Changes In Industry And Its Effect on Knowledge Solutions

Industries similarly challenged Moore’s Law. For example, MIS efficiencies are now turning on themselves. Also, with additional computing power, the movement and storage of data are at the point of supporting knowledge-based questions, and knowledge solutions have a chance to become mainstream again.

Amazon played with this concept first in the public sphere with the early 2000s personalized search engines. Though Amazon questioned if they could financially survive the dot-bomb, with their first business data center shifts to a Service Center model Amazon was able to create Amazon Web Services (AWS) and was first to market with the easiest “pay $10 for a couple of hours of high performance computing”. They saw this opportunity and capitalized on the market needs, and now capitalism is experimenting with more advanced sensors and smartphones. For example, such sensors and beacons could send ‘just-in-time’ coupons because they know you are in the clothes aisle. Currently, there are 5 top players in Artificial Niche Intelligence of Personal Assistance solutions: Apple’s Siri, Microsoft’s Cortana, Google Now, IBM Watson, and Amazon Alexa.

But Here’s The Thing…

The question is, will it take 1-2 years or 5-10 years for the capitalist ecosystem that IT has built as a MIS Cost Center to shift to Knowledge solutions? If MIS can solve the security and network bottlenecks, then the shift will happen sooner. Due to the US geographic size, the US broadband network build-out is way behind other countries. If Wireless 5G can speed that up, we could gain some talent back on the knowledge side. If security can adopt a self-healing and impact-reducing approach instead of a risk avoidance and contingency approach with expensive standards, then the security impact could decrease(currently the cost of being hacked is still too expensive).

Security is the biggest risk though. It continues to be, every time IT has a new efficiency advancement. For example, the cloud brought ants, quantum computing brings the thread to easy 128-bit cracking, and the internet has brought anonymity and easy social engineering. Sure, knowledge solutions will be an awesome new wave. However, it will bring a greater threat because of how the baddies use it. Just like how more cars means more congestion.

However…

Oddly, Transportation went through a similar, but shorter cycle post World War II. Highway expansion projects were almost complete. Also, the one-car per adult model was adopted during the baby boom growth. However, that changed as the infrastructure was built on a high dependency on external unstable markets (aka foreign oil). It quickly shifted to cheap and unsafe. At least, until the late 80s accident to fatality rate shot up. Consequently, cars from the late 90s became more safe and economical. 
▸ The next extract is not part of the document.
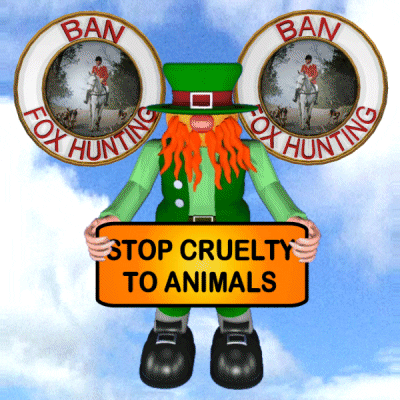 Stop Animal Abuse Ban Fox Hunting GIF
The railroad/train industry increased safety greatly through its integration of sensors throughout its network. So much so, that areas without it are seen as barbarically outdated. Transportation has a chance to lead the way in domesticating knowledge solutions with intelligent transportation solutions. These solutions address hundreds of applications to help with congestion, safety, adjusting speed zones, car-to-car communications, environment, increasing transit services efficiencies and cost/passenger, collision avoidance, asset management, emergency response, and weather road network response.

A Return to Knowledge Solutions

Back to knowledge solutions, it’s clear to folks in LA, DC, NYC, Chicago, or anyone at 5:15P in an urban center, that the transportation solution today is nowhere near where it needs to be. Smart City concepts are still taking their time after 20 years. The data, approach to sensors, algorithms, and rules to make the systems smarter, social adjustments to rules, and capital investments in assets to adjust to rules, will all take a generation. Same with knowledge solutions in other industries. 
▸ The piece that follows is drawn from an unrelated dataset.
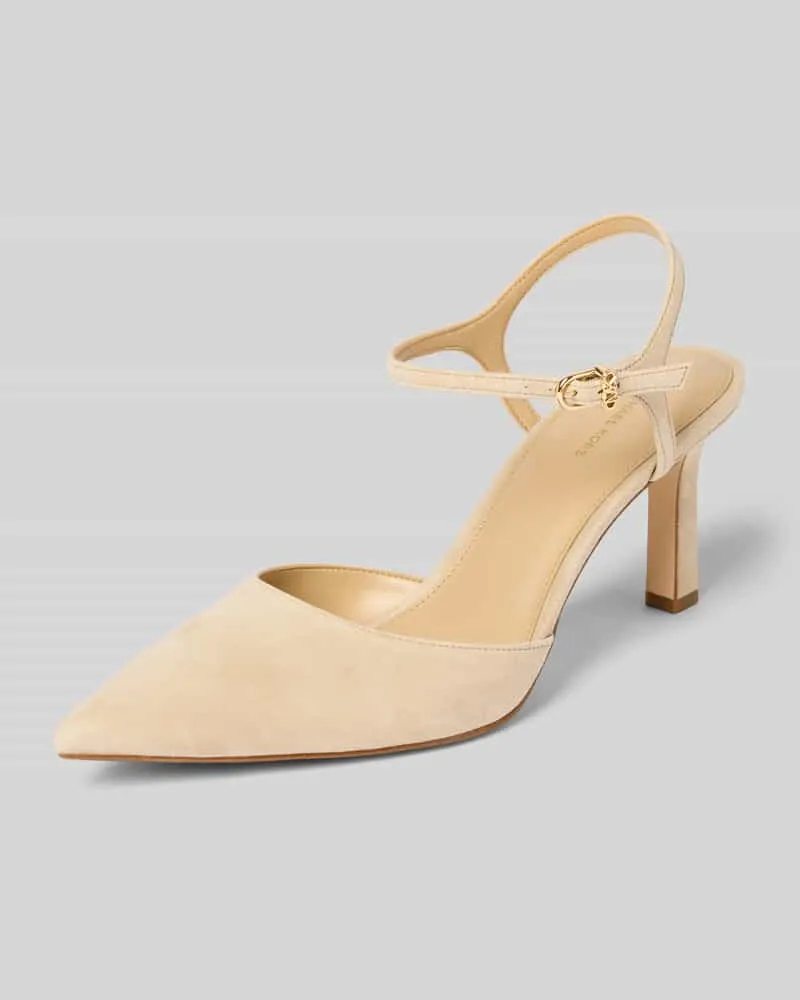 Michael Kors Sandalette aus echtem Leder Modell 'AMARA Beige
Watson winning Jeopardy was a great proof of concept. It was also a coming out announcement that early phases of knowledge solutions are scaling. How long until we can stabilize will depend on our capability to shift our time, investment, and foresight. This helps us understand what data we have, can exploit, can get more of, and can get better quality. Then use the technologies frameworks coming out to our advantage – and hopefully well before the baddies.